For the first time, the government is starting a day-to-day tracking system to monitor the nation's blood supply and sound an alarm when shortages loom.
It comes none too soon: A tight blood supply, once a problem only around holidays, has become a year-round crisis for many parts of the country. It may worsen next month when many longtime donors are turned away as a precaution against mad cow disease -- and as hospitals grapple with sharp increases in the price of blood.
But the shortage and mad cow precautions haven't had a severe impact in Southeast Missouri, said David Palmer, donor recruitment director for the regional chapter of the American Red Cross.
"It's the first I've heard of it," Palmer said of the tracking system. "We do that every day here. We're in contact with our hospitals and know what they have and what we have" in blood supply.
While the local area was nearing critical stages earlier this summer, when donations and supplies were dwindling, things have "eased off now," Palmer said. "We are in very good shape and our collections have been good, but there's another holiday coming."
Palmer said he suspects the tracking system would be more applicable for larger cities and blood banks.
"The shortage thing is just starting. It's going to get worse," says Tom Wadsworth of Fletcher Allen Health Care, Vermont's largest hospital.
"We may find ourselves back in the pre-1970s days where if we're doing an operation, we have to check the blood bank first and make sure something's in the refrigerators," adds Dr. Christopher Lowell, Massachusetts General Hospital's transfusion director.
In the last year, repeated shortages have forced hospitals from New York to California to postpone elective surgeries and issue emergency calls for donations.
Last month, supplies in part of Illinois reached their lowest point in eight years. Los Angeles blood banks are debating if donors should be paid. And the government is considering a ban on blood imported from Europe, a move that could cut New York City's blood supply by a third.
In 1999, the latest figures available, Americans donated 13.6 million usable units of blood, and 12.4 million units were transfused, says the National Blood Data Resource Center. Because donated blood lasts only a few weeks and demand has risen steadily for a decade, that's too small a margin for comfort.
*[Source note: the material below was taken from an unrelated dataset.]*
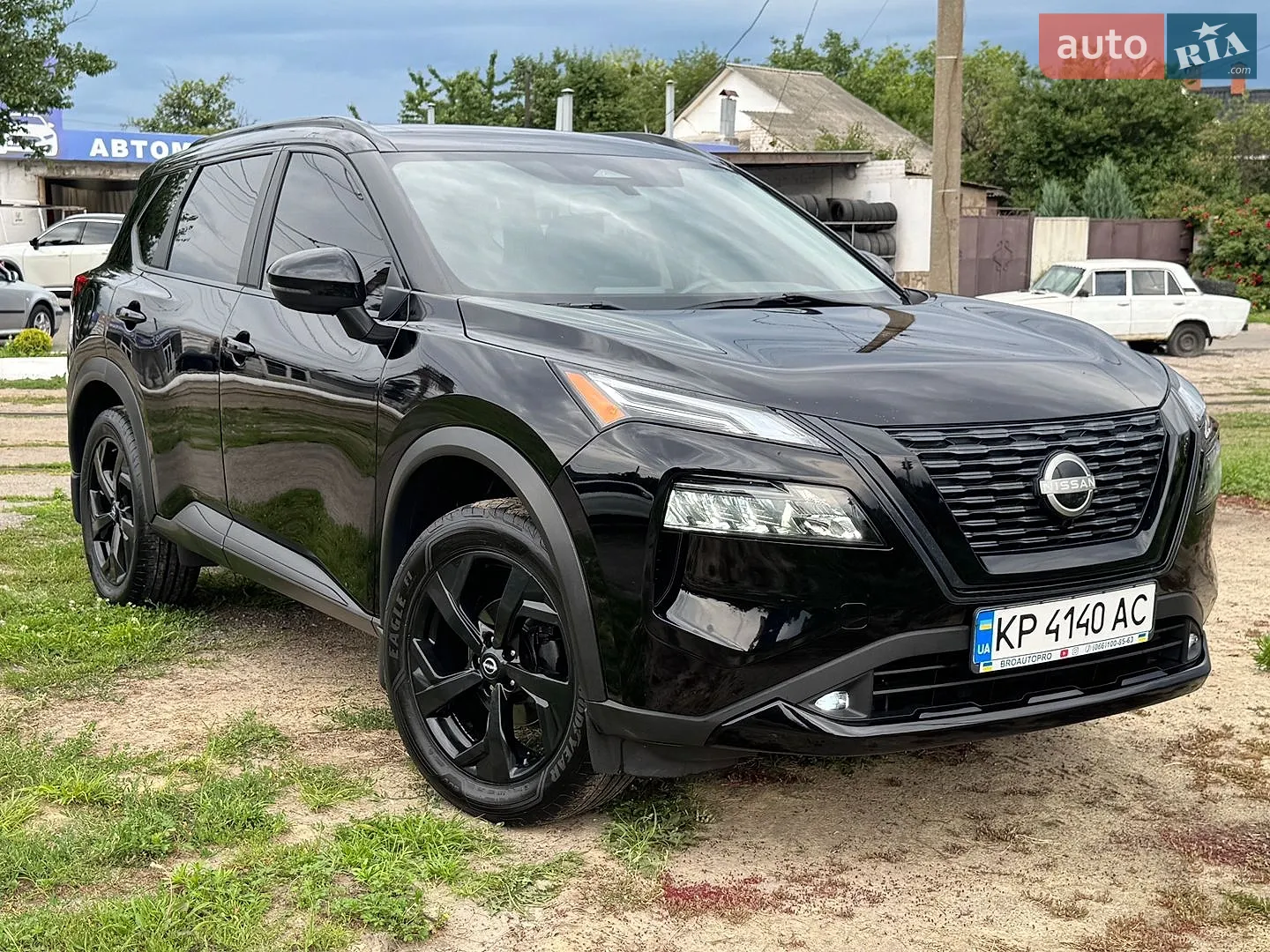 2022 Nissan Rogue - фото 1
No one knows just how tight today's supply is because there has been no real-time monitoring -- until now.
The Department of Health and Human Services is signing up 29 hospitals around the country to report every day how much blood they have in stock and how much they used in the preceding 24 hours.
Consider these hospitals sentinels. Their information will be posted on a public Internet site sometime this fall, providing a snapshot of how much blood is available day-to-day in different regions.
"That will be the earliest warning when we're heading for a serious problem," explains Dr. Gerald Sandler, transfusion chief at Georgetown University Hospital, one of the participants.
Fear September shortage
Say supplies dip in Atlanta and Miami. Blood banks could check whether it's a temporary problem -- maybe there were a lot of car crashes over a weekend -- or if a real shortage is brewing in the Southeast, and adjust blood drives or shipments accordingly.
The tracking begins at a crucial time, as hospitals are particularly fearful of more shortages next month.
That's when the American Red Cross is set to turn away thousands of donors who spent a cumulative time of three months in Britain since 1980, or six months anywhere in Europe. It's a precaution against the theoretical risk that the human version of mad cow disease might be transmitted by donors exposed to infected beef overseas. Experts predict it could cut blood donors by 9 percent. So the Red Cross is writing tens of thousands of donors, urging the less traveled to give blood more often.
Even as supply concerns mount, hospitals are struggling to pay more for blood as the Red Cross raised prices by 10 percent to 35 percent. At Wadsworth's Vermont hospital, for example, costs rose from $124 per unit of blood to $182. Insurance doesn't directly reimburse hospitals for blood, so Wadsworth anticipates spending an extra $750,000 a year.
Pricey blood has many hospitals considering starting their own in-house blood bank like the one that supplies half of Massachusetts General's supply.